Whoa! What a revelation. And to think all this time that I have been Iabouring under the misapprehension that nature will allow me to have children in my early thirties, or possibly even later. But I guess Mother Nature must be really pissed off with me for having the temerity to try to get pregnant now. If only I had known! Was there a memo or an e-mail or something? Did anyone else miss it, too?

Even if I had received the memo, I'm not sure what I would done about it, considering that during my mid-twenties I was trapped in a loveless marriage, obsessing over someone I couldn't have, working in a dead end job earning a pittance, friendless and alone, severely depressed and anorexic.

But hey, no worries. Because despite my utter utter selfishness in waiting until I was sane, solvent and in a secure and loving relationship (does all that constitute a "lifestyle choice"?) I now realise that all I need to do is have some ovarian tissue removed, frozen and transplanted later on. Hooray! Sign me up, cause that sounds like fun. Just the thing to enable me to carry on greedily pursuing my career and my goals in life, and defer having children until after menopause if I feel like it. Pass the Chardonnay!

I think most people do appreciate that all technology, including reproductive medicine can to some extent be dangerous, can potentially be abused. There are ethical problems that do want careful consideration and healthy debate. But, correct me if I am wrong here, I didn't get the impression that anyone would ever sign up for IVF as a part of an overall "lifestyle choice".

I wonder if Countess Quintavalle has any notion of the misery, the heartache, the stress- leading up to the point where a couple come to understand that if they want to pursue their dream of being parents, they require assisted conception.
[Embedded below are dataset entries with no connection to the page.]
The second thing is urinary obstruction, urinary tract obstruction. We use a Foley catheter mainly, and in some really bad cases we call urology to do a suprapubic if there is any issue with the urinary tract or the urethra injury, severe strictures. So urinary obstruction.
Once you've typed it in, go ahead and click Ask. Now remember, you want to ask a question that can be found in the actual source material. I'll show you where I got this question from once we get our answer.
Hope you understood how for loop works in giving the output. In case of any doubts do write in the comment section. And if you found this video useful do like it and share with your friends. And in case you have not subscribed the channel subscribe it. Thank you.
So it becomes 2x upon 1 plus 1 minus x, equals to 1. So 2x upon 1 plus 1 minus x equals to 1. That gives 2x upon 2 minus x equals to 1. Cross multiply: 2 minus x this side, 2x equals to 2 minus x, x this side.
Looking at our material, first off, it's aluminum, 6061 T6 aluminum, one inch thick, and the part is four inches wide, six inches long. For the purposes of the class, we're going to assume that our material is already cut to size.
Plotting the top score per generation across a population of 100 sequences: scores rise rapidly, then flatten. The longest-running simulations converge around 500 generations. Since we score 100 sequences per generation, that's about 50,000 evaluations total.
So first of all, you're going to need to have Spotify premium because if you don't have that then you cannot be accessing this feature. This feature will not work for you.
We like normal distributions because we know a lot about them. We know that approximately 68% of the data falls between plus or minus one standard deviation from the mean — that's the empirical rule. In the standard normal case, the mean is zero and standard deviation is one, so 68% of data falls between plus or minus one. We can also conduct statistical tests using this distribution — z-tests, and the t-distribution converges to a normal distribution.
I somehow doubt it, sitting in her privileged sphere of judgmental self-righteousness. It seems to me what Quintavalle is really saying is that the only people with an absolute right to have a baby are the ones who get pregnant naturally. Like her. The rest of you women out there should also make sure that you have babies when Nature intended! What? Haven't got your act together in time? Infertile despite your youth for some other reason, like you simply don't ovulate? Well, in that case you are expected to suck it up. No medical treatment for you, you selfish/unworthy bitch, clearly you are not meant to be a mother!

All I can think of in response is that if you remove the "O" from Countess, it spells something extremely rude.

Friday, July 23, 2004

In case you were wondering

I'm definitely not pregnant.

We've already talked about how we'll get our act together better this cycle. We'll plan ahead, so it's not so stressful trying to co-ordinate E. being here on the crucial days. How we'll keep our hopes up.
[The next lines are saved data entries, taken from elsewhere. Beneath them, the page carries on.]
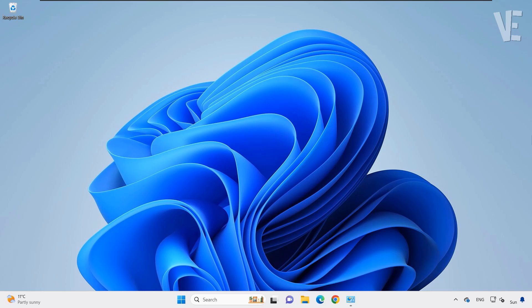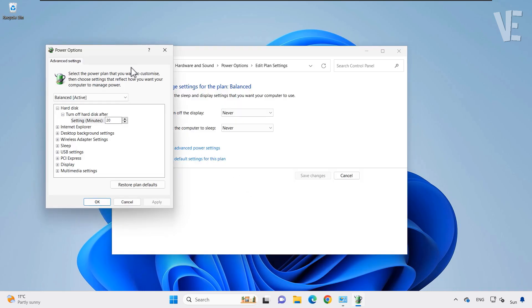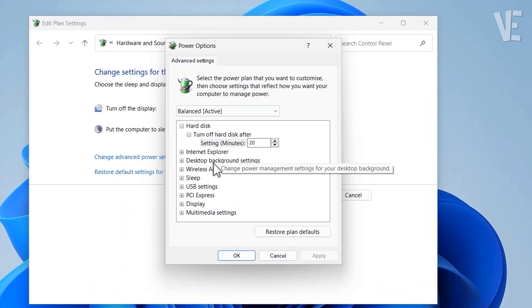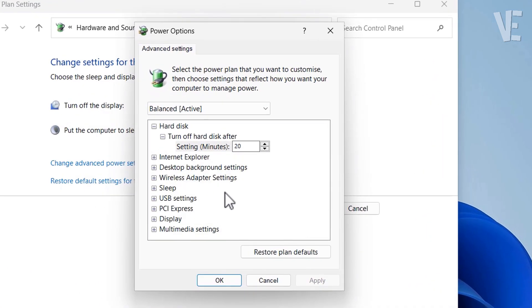Hi everyone and welcome to our channel. In today's video is about how to fix laptop lid open action not found and missing from power options in Windows 11 and 10.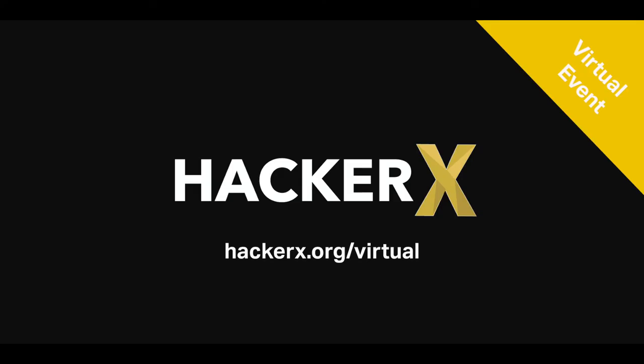Thank you so much for watching this video and choosing to be an employer of choice at our next HackerX event. See you soon!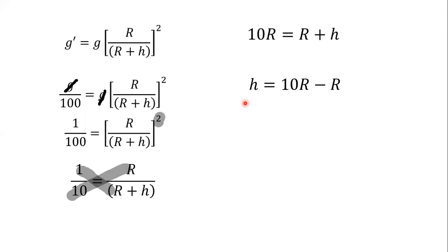So we will solve this. We need h value. So h is equal to 10R minus R. Therefore h is equal to 9 times R.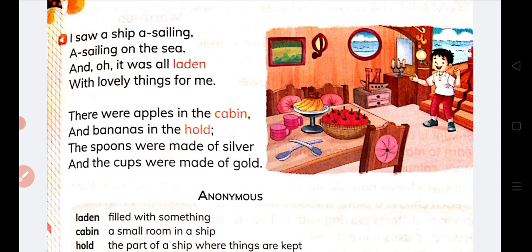I saw it all laden — and yes, it was all laden. 'Laden' means loaded, with lovely things for me.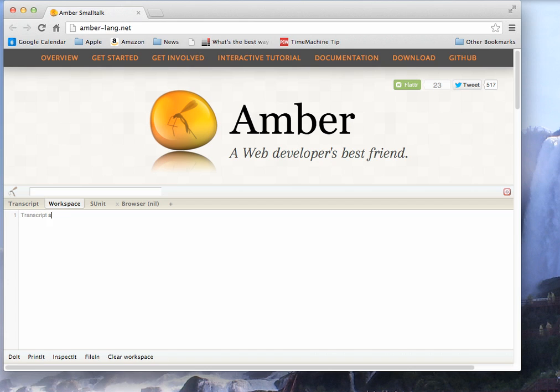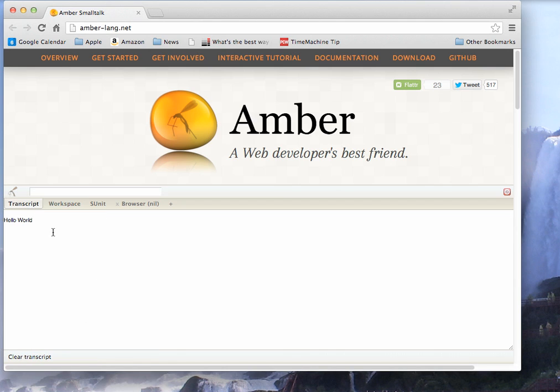So I can do something simple like transcript show, hello world, put CR on it. And I go ahead and do it and then I go to the transcript and there it is. So it's shown up in the transcript.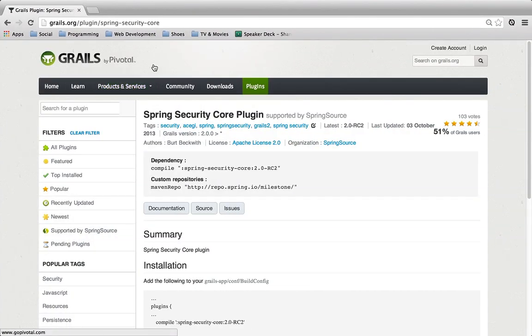In part one of this screencast, we looked at an introduction to the Spring Security Core plugin. We installed a quick sample Grails application.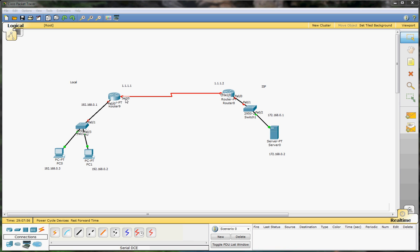Hi guys and welcome to my Cisco tutorial. Today we're going to see static NAT — network address translation. I have a lab ready here. We'll have our ISP site with a router, a switch, and a server, and then we have our local site with a router, a switch, and two clients.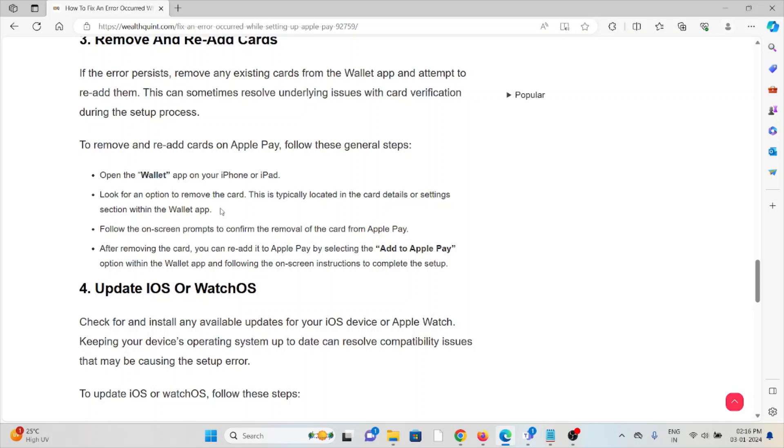After removing the card, you can re-add it to Apple Pay by selecting the 'Add to Apple Pay' option within the Wallet app and following the on-screen instructions to complete the setup.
What we haven't talked about how is how I snuck home from work this afternoon to eat ice cream and cry.

Thursday, July 22, 2004


I was lying in my hammock on Infertility Island as nightfall came. A peculiar stillness fell over the forest, and there was no sound apart from the low hum of bees in nearby tropical flowers, or the occasional gentle chortle of the bullfrog in the swamp. The moon started to rise, and I rocked back and forth, waiting for sleep.
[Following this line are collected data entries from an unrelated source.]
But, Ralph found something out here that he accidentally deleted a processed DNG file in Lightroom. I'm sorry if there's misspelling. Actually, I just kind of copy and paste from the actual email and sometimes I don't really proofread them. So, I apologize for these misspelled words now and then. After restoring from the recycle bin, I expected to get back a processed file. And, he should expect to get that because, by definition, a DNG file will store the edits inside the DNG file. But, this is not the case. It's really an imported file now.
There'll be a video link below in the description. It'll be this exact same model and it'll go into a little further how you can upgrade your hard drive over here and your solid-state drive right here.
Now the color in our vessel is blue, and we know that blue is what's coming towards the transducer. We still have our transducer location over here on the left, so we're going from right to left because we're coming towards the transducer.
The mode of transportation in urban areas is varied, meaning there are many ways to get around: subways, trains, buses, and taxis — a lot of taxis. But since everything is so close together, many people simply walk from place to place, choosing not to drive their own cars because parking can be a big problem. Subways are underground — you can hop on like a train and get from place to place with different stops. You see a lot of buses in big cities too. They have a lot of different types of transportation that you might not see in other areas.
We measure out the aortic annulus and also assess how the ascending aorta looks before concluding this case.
Then I heard the sound of running feet. I swung myself out of the hammock, and stood up. In the distance, I could see shadowy forms, moving quickly down the hill. Torchlights bobbing in the darkness. And a persistant whisper across the island, growing louder by the minute.

As I stood there, I saw a young woman in a frayed bikini, running toward me. "Wait!" I called out to her as she swept by. "What's going on?"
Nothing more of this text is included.